Original article appeared on Quora as What are the best skills for aspiring data scientists to have at the beginning of their careers?. Answer by Dan Wulin, Head of Data Science & Machine Learning at Wayfair:
This is a good question, but it is also a difficult one to answer with specifics. There is a wide range of how data science is defined within industry and a corresponding wide range of technical skills that may be relevant depending on the role being discussed. I’ll start by laying out broad intellectual skills that I believe are important and then will touch on technical skills that I also have seen being generally useful.
There are common intellectual skills that we recruit for on the Data Science & Machine Learning team at Wayfair and I imagine that most teams screen for a similar set:
Excitement to learn & engage with a variety of quantitative & engineering problems:
Any meaningful data science problem will necessarily have a variety of known & unknown challenges at the outset that will need to be addressed in the course of solving it. One needs to have a willingness & excitement to learn the technical skills necessary to cope with this. The challenges that might arise are strongly context dependent, but can range anywhere from needing to leverage newer machine learning algorithms that are less polished and appear in recent research literature, to having to engineer a robust data pipeline to ensure your model will function appropriately in production settings, and more. You need to be flexible and effective when you change gears.

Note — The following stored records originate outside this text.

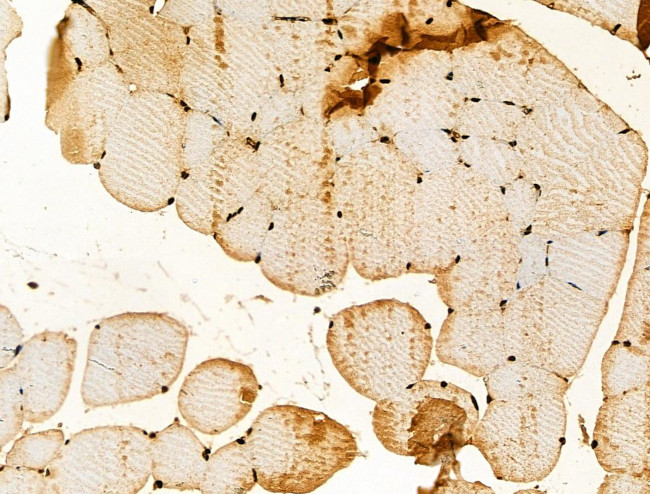 RFWD2 Antibody in Immunohistochemistry (Paraffin) (IHC (P))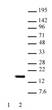 Anti Human Histone H2B (Ac15) Antibody thumbnail image 1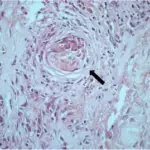 T Cell-mediated reactions in Transplant Rejection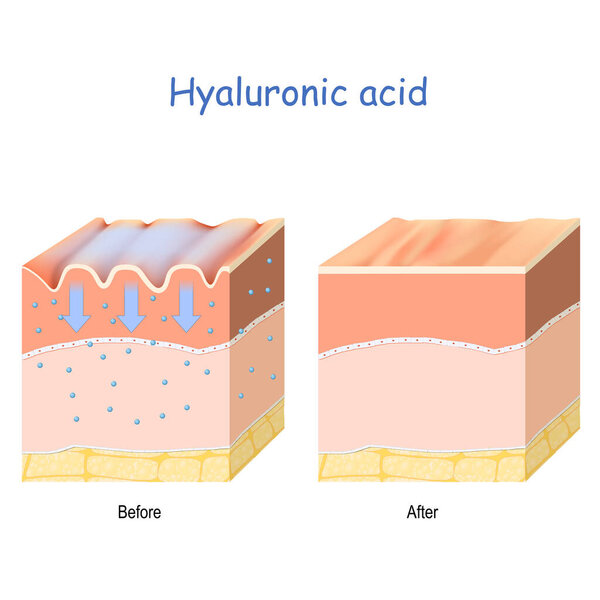 Hyaluronic acid. skin-care products. skin rejuvenation with help of hyaluronic acid. wrinkles on the human skin. Before and after use of the hyaluronic acid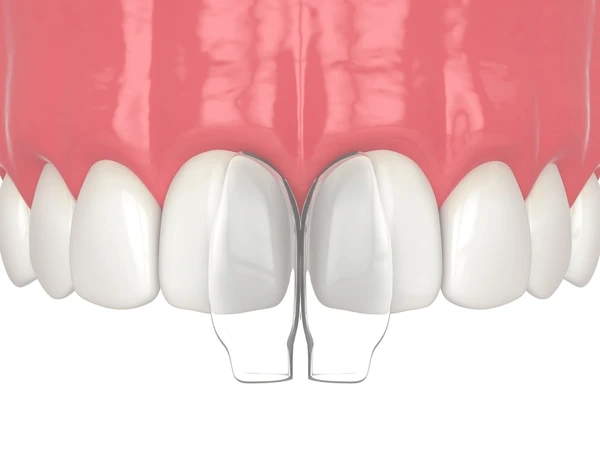 dental bonding in walnut grove, bc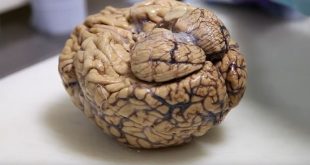 علماء يكتشفون دائرة دماغية تعزز مهارات الرياضيات لدى الأطفال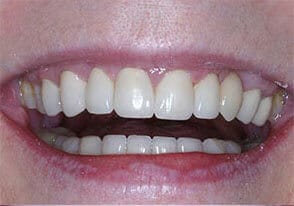 ballston smile gallery case-10-after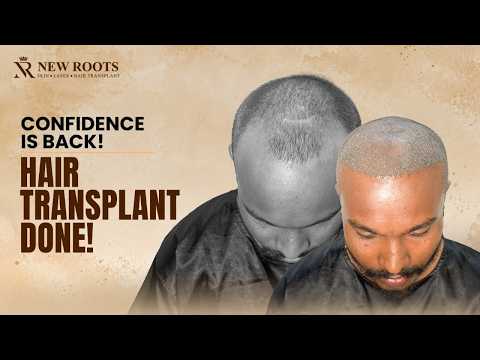 A New Hair Journey Starts Today! 🙂 | Grade 3 Baldness | Hair Transplant in Raipur | New Roots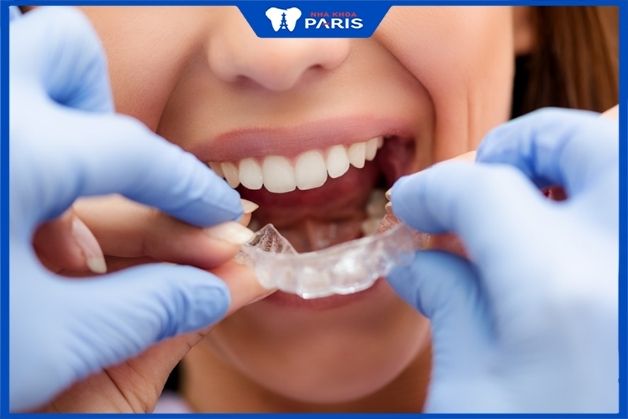 Niềng răng Invisalign là gì? Cơ chế hoạt động ra sao?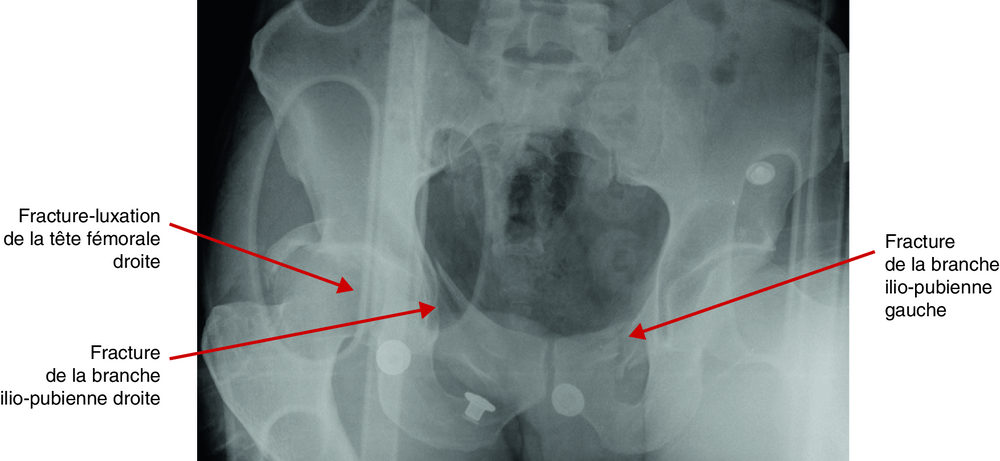 A Radiographie du bassin chez un homme de 38 ans défenestré
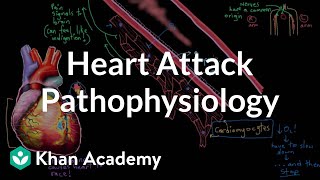 Heart attack myocardial infarction pathophysiology  NCLEXRN  Khan Academy [upl. by Berlauda]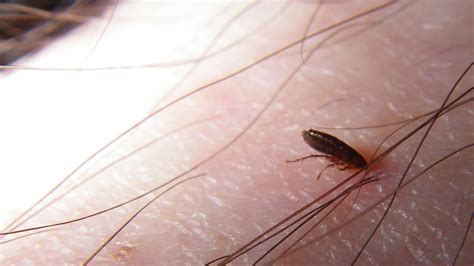 Can fleas live on human?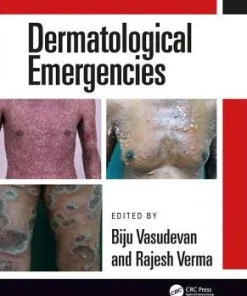 Dermatological Emergencies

Strong bias towards transparency with outcomes & findings:
This is a generally useful trait, doubly so in technical fields. No one will know the details of what you are working on better than you, so it is important that your manager, business partners & data science peers get a full picture of how your work is going so that they are able to work effectively with you. To give an example, if you are encountering a roadblock in your work, it is incredibly valuable to be able to directly identify this, the problem you are seeing and potential root causes to the team around you so you can brainstorm solutions. This level of transparency does not come naturally to many people because it involves a certain amount of humility to say that you ran into a roadblock, but is a big part of the “scientific” thinking that one needs to be effective.
Knowing when (not) to be a perfectionist:
Again, this is a generally useful trait and it is especially dangerous in technical fields when one does not have it. There is almost an infinite level of depth one can take any problem – I often use the example that many of the problems we work on at Wayfair could be the focus of a single Ph.D thesis (the point is that there are a ton of interesting & unanswered questions that arise in any project). Strong data scientists will have a sense of “what is good enough” to create a minimum viable product and there will often be a mix of areas where the data scientist needs to pursue perfection versus areas where less-than-perfect is perfectly acceptable.
On a technical skill level:
It is hard to go wrong with learning Python and standard machine learning packages like NumPy, scikit-learn etc. I would also recommend that aspiring data scientists learn as many best practices from the software engineering world as possible – many members of the Wayfair Data Science team join very comfortably scripting in Python but less comfortable writing production level code, so this is a great dimension to differentiate oneself along. Outside of this, I would recommend to pick one or two more “advanced” topics (deep learning, NLP, learn to rank) to dig deeper on.
More than all of this, one of the best things that you can do is to work through as many realistic problems as possible.